La belleza del magenta en las flores se incrusta,
una camada de gatitos trata de subirse a un árbol
y su madre los mira como si no le importara la inexperiencia
un atisbo de Sol me invita a mezclarme 
en la ternura natural del paraíso. 
Apenas puedo escuchar lo que cielo está diciendo,
pero escucho algo intenso,
a ojos cerrados podría reconocer el sonido de la caída del agua,
 recuerdo que estuve aquí o se le parece.

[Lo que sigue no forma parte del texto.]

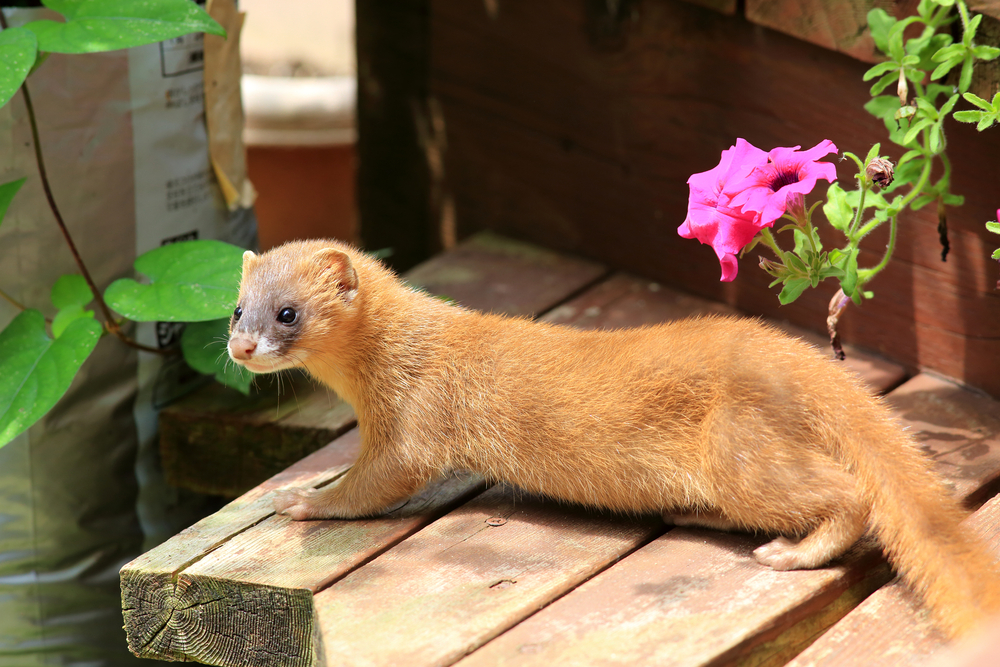 Kolinsky mink, killed for their fur and brushes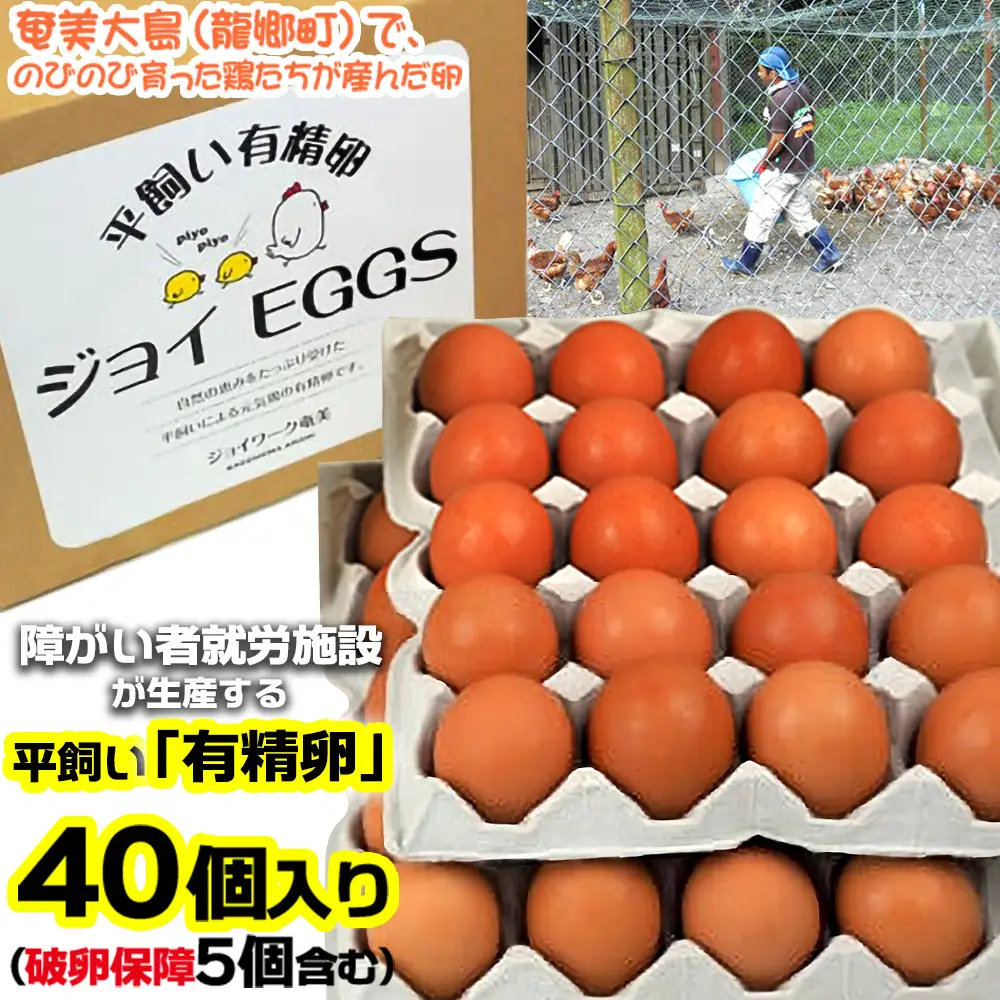 奄美大島の平飼い有精卵　40個入り 鹿児島県 奄美群島 奄美大島 龍郷町 国産 奄美産 たまご 卵 エッグ 有精卵 平飼い お取り寄せ
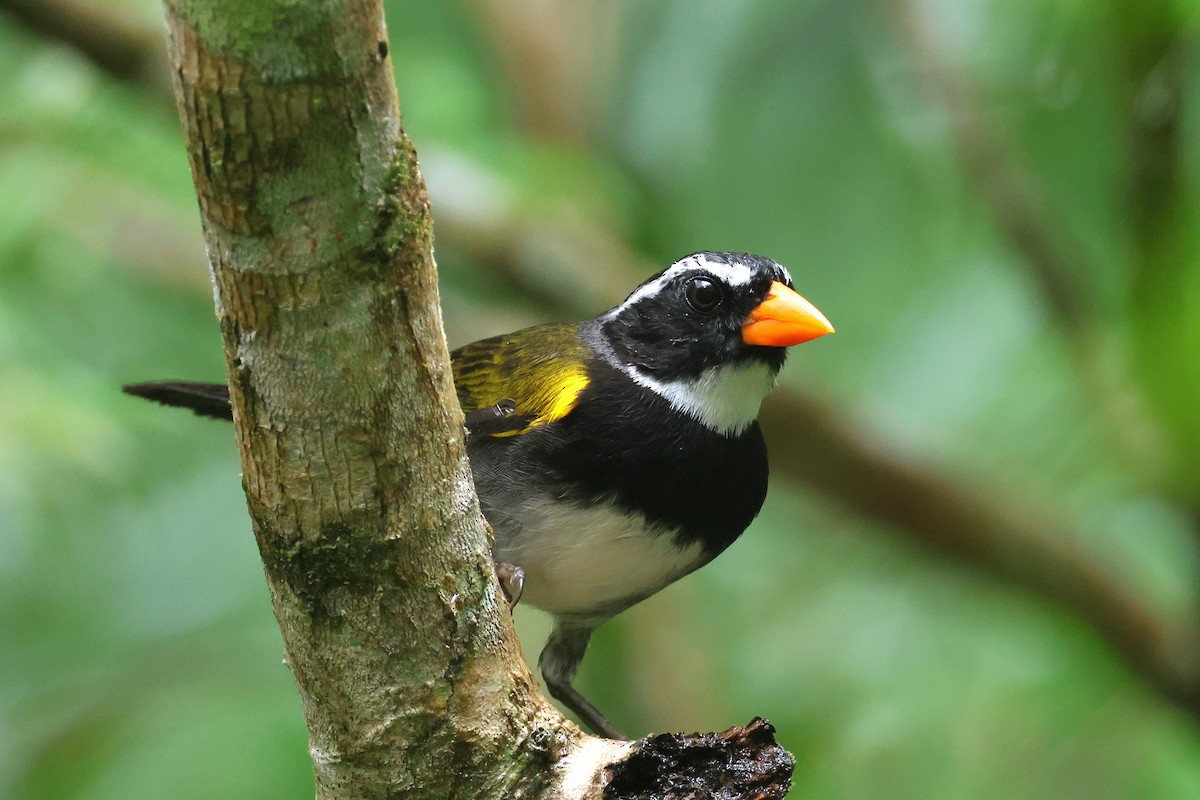 Orange-billed Sparrow - ML623820638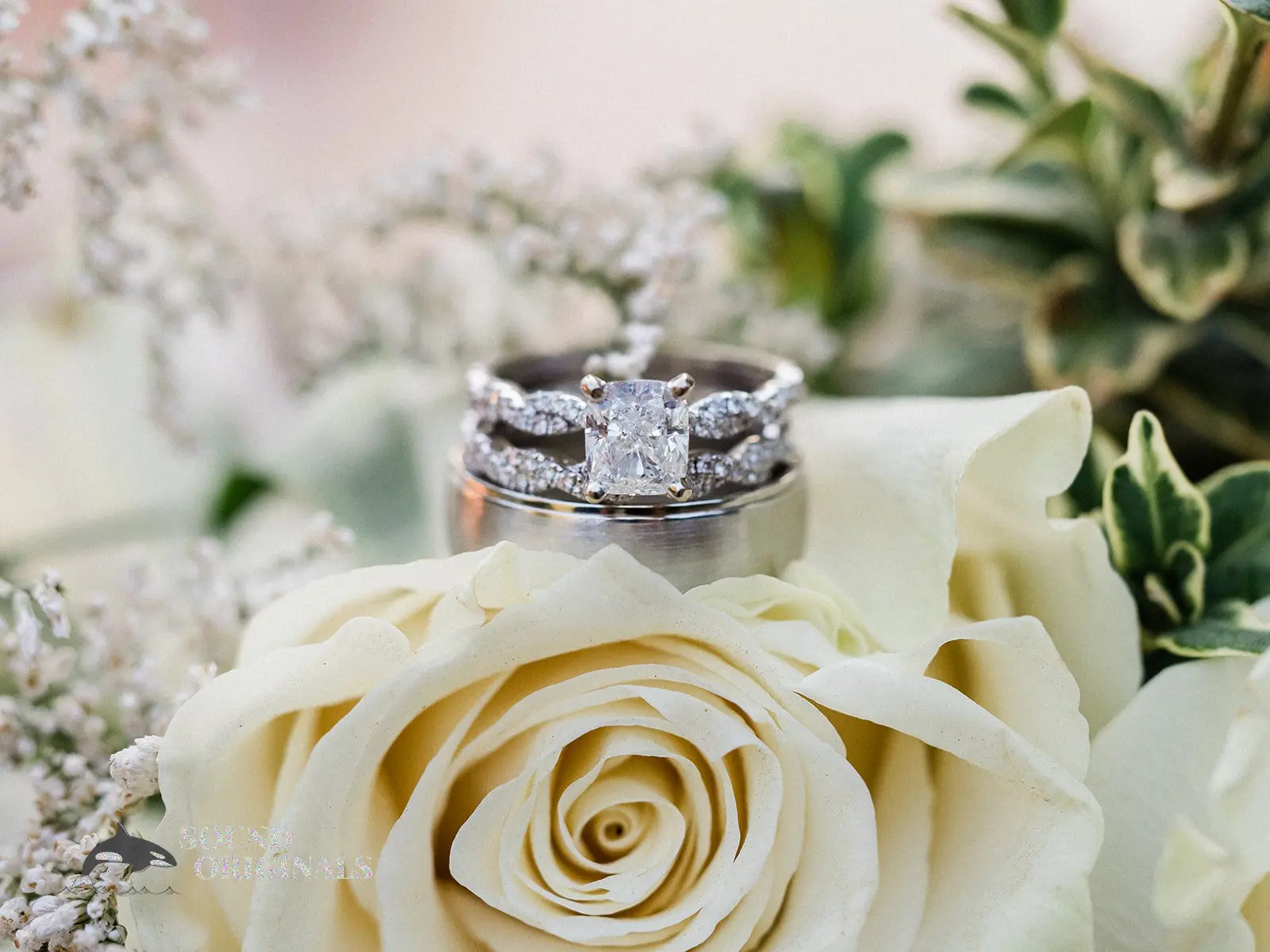 Family Orchard Wedding // Sarah & Jeshurun 5 Family Orchard Wedding // Sarah & Jeshurun -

La brisa forma tu nombre en mis pestañas 
me acaricia el rostro, sonrío, este podría ser aquel lugar
de donde no debí salir nunca, en donde desnuda me encontrabas,
y yo te sentía en la tranquilidad de cada hoja que caía,
en la mirada de cada animal manso que pasaba, y los días no existían.
Y allí estabas tú desnudo, me amabas, sin importarte nada más que mi mirada.
Quisiera estar delante tí, regresar el tiempo, y no haber mordido la manzana.